# Please help me identify these plants



## AquaticMagic (Aug 9, 2005)

Pls help me identify these plants:
 Thank you


----------



## Cavan Allen (Jul 22, 2004)

1. I have no idea. It looks vaguely like a _Crinum_ .

2. _Crinum natans_

3. Looks a bit like _Crinum thaianum_, but in some ways doesn't. I'm not sure about that one either.
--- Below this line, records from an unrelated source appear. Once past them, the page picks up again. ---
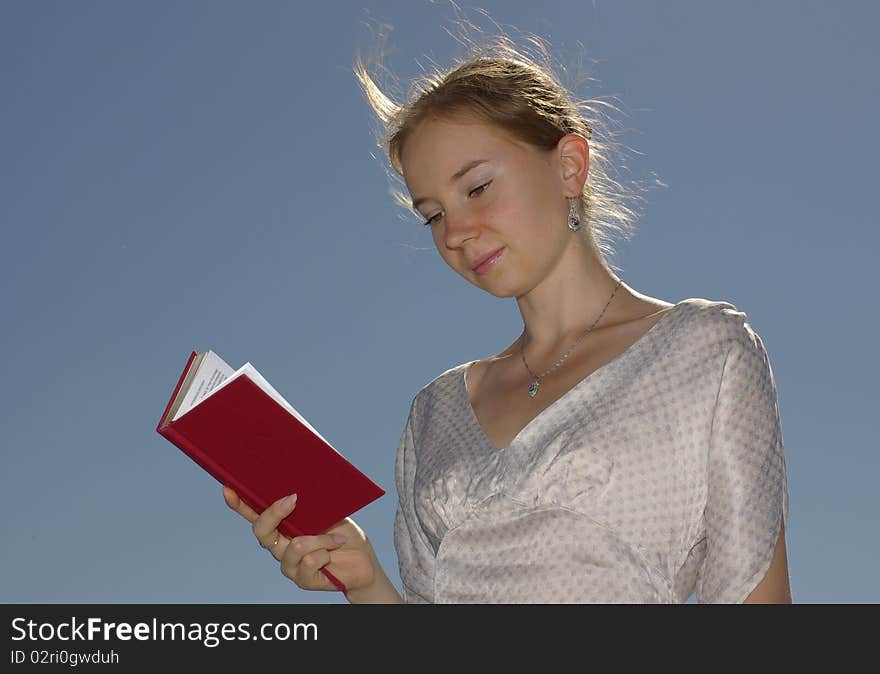 A girl reading a book with the red cover. A girl reading a book with the red cover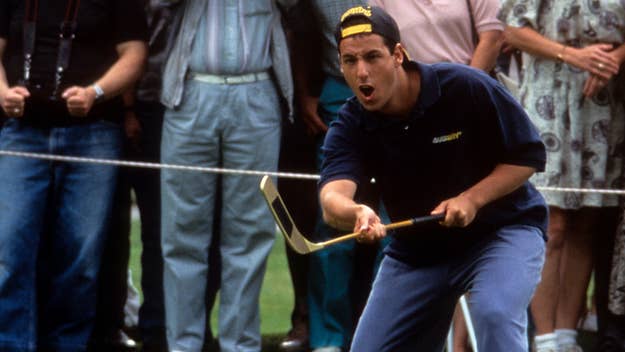 Adam Sandler in 'Happy Gilmore' wearing a blue t-shirt and khakis, doing a hockey-style golf swing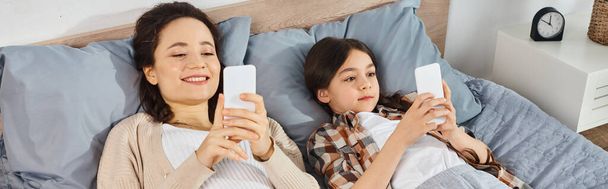 Una mujer y una chica yacen en una cama, enfocadas en sus teléfonos celulares, disfrutando de un tiempo de calidad juntos en casa. - Foto, Imagen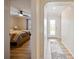 Hallway with view into bedroom and entryway with patterned rug at 342 Maple Dr, Longwood, FL 32750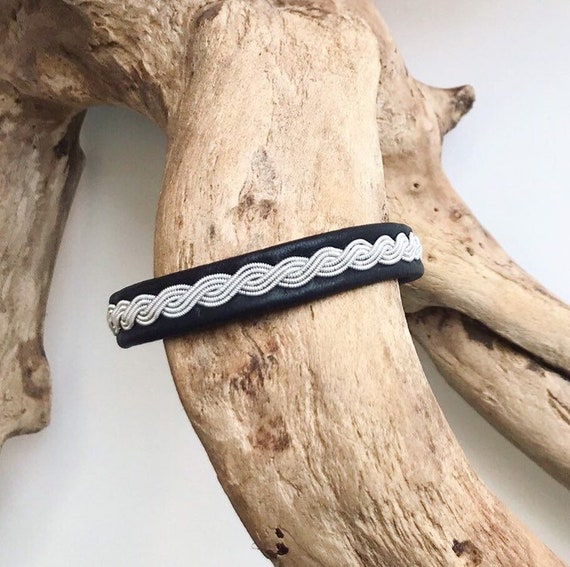 Sami reindeer leather unisex bracelets, with a wavy pewter braid.A unisex design.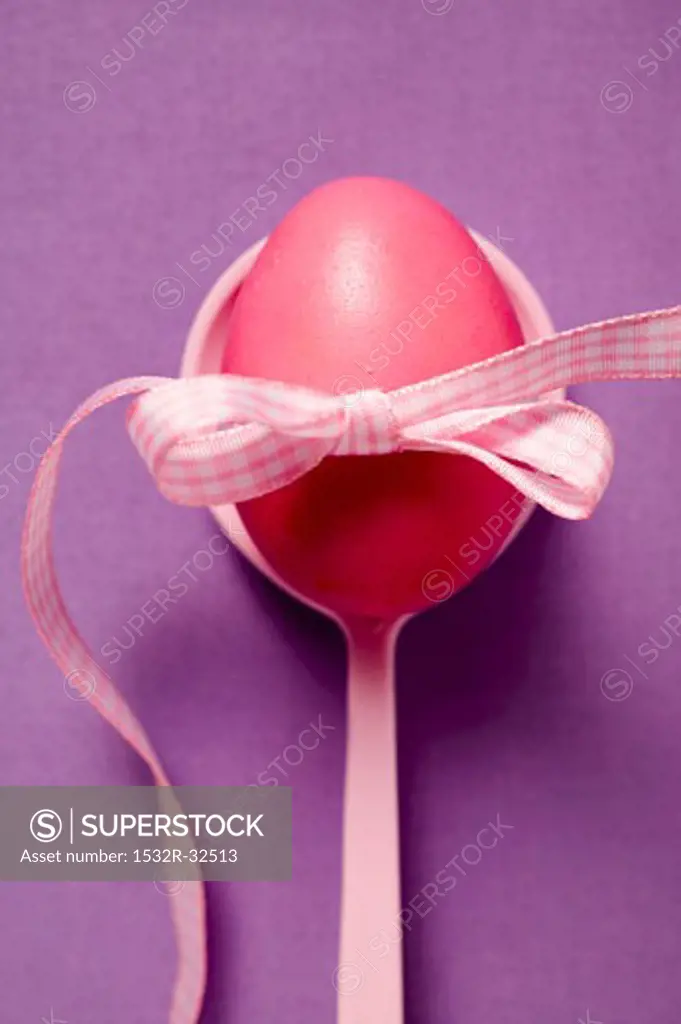 Red Easter egg with bow on spoon (overhead view)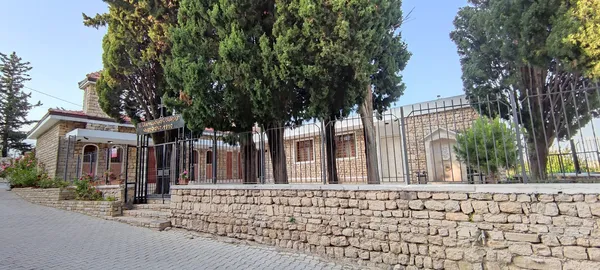 Taş duvar ve demir parmaklıkla çevrili tarihi yapı, büyük çam ağaçlarıyla süslenmiş bahçe ile çevrili.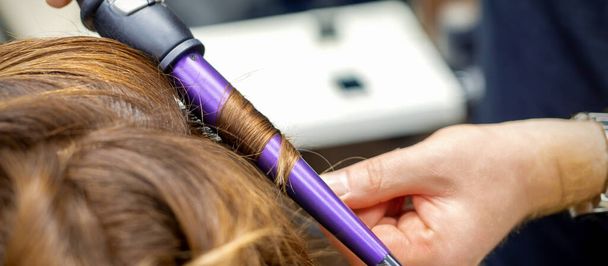 Professzionális fodrász teszi göndör frizura curling vas hosszú vörös haj a fiatal nő a fodrászatban - Fotó, kép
4. _Aponogeton boivinianus_


----------



## AquaticMagic (Aug 9, 2005)

Thanks for your help!
May i know how come I don't have Private Message?


----------



## Cavan Allen (Jul 22, 2004)

I'm not sure what you mean. Were you expecting one, or do you not know how to access them?


----------



## HeyPK (Jan 23, 2004)

Number one might be Aponogeton ulvaceus.


----------



## AquaticMagic (Aug 9, 2005)

Cavan Allen said:


> I'm not sure what you mean. Were you expecting one, or do you not know how to access them?


Hi Cavan,
Could you teach me how to use PM?
Thanks a lot!


----------



## fishmaster#1 (Apr 10, 2005)

easy just click the button


----------



## AquaticMagic (Aug 9, 2005)

May I know how to differentiate Aponogeton madagascariensis and Aponogeton boivinianus.

They look very similar to me.


----------



## HeyPK (Jan 23, 2004)

A. madagascarienses has fenestrated leaves---holes in them. A. boivinianus has bullate leaves---they are bumpy, but do not have holes.


----------